What you will do
Reproduce the lines of the material exactly, excluding every image.

Provided material
BEGIN

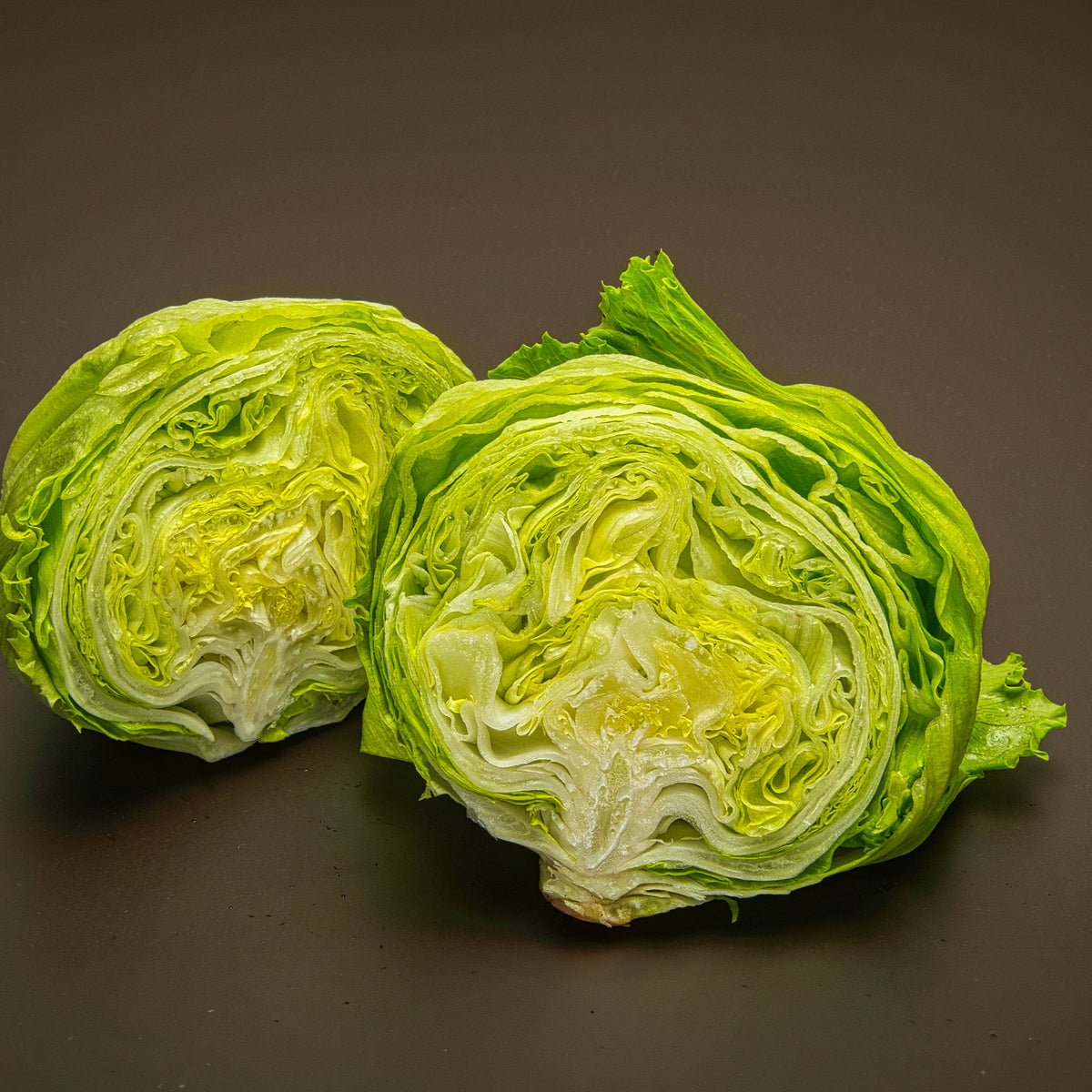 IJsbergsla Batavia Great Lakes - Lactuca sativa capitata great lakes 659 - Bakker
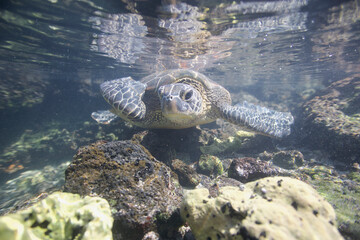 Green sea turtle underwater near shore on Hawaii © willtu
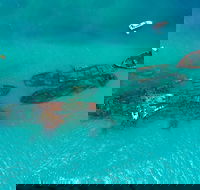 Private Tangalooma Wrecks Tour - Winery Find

END

Answer area
 IJsbergsla Batavia Great Lakes - Lactuca sativa capitata great lakes 659 - Bakker
 Green sea turtle underwater near shore on Hawaii © willtu
 Private Tangalooma Wrecks Tour - Winery Find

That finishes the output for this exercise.